TASK GOAL: From the line containing "Mitigeur avec douchette" down to the final line of the entries below, quote every line verbatim. Exclude pictures.

RECORDS FOR PROCESSING:
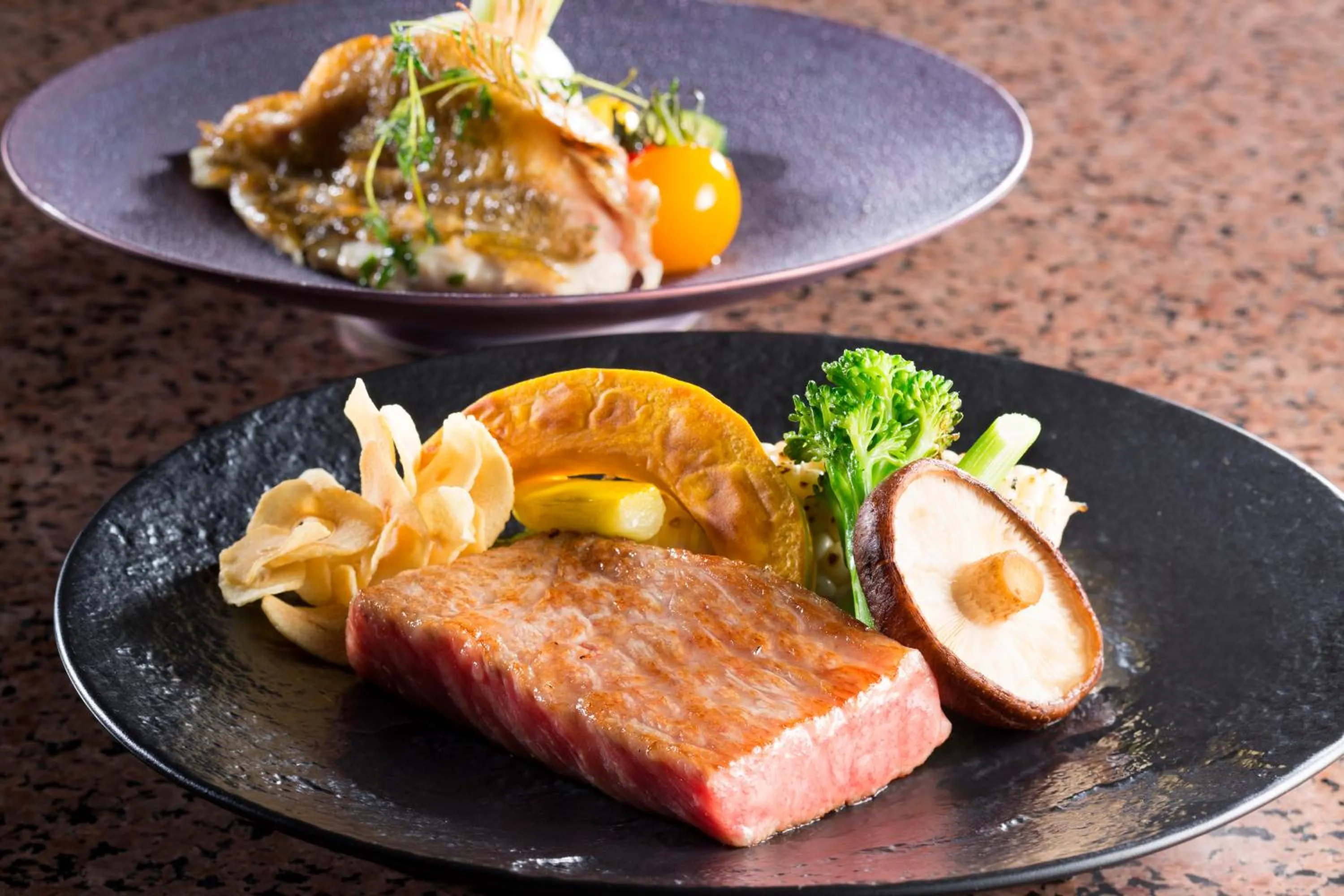 Food close-up in The Windsor Hotel TOYA Vignette Collection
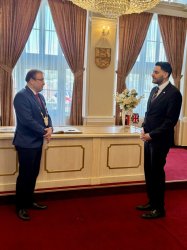 Návšteva veľvyslanca Spojeného kráľovstva Veľkej Británie a Severného Írska v Slovenskej republike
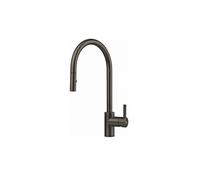 Mitigeur avec douchette anthracite 911276SBVL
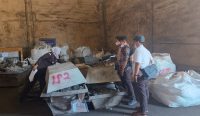 Jaksa Sita Eksekusi 104,4 Ton Timah Milik Aon di Belitung Timur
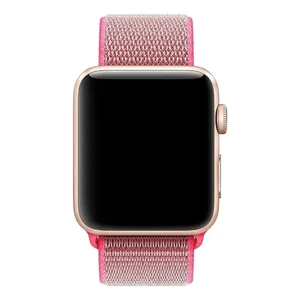 Ремешок iLoungeMax Sport Loop Hibiscus для Apple Watch Ultra 49mm | 45mm | 44mm | 42mm Series  OEM - Фото 2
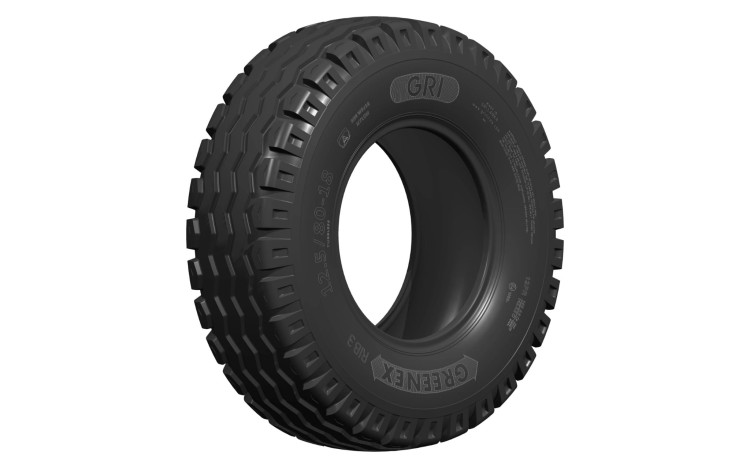 REIFEN GREEN EX RIB 3 10.0/75-15.3 14PR IMP TL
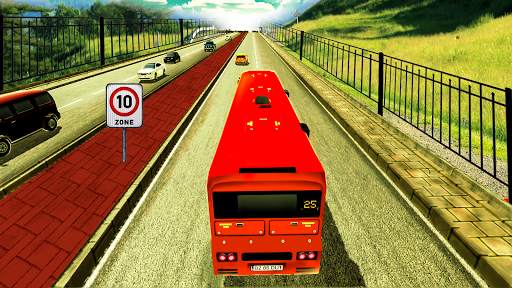 Coach Bus Simulator Driving 3D screenshot 5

TASK OUTPUT:
 Mitigeur avec douchette anthracite 911276SBVL
 Jaksa Sita Eksekusi 104,4 Ton Timah Milik Aon di Belitung Timur
 Ремешок iLoungeMax Sport Loop Hibiscus для Apple Watch Ultra 49mm | 45mm | 44mm | 42mm Series  OEM - Фото 2
 REIFEN GREEN EX RIB 3 10.0/75-15.3 14PR IMP TL
 Coach Bus Simulator Driving 3D screenshot 5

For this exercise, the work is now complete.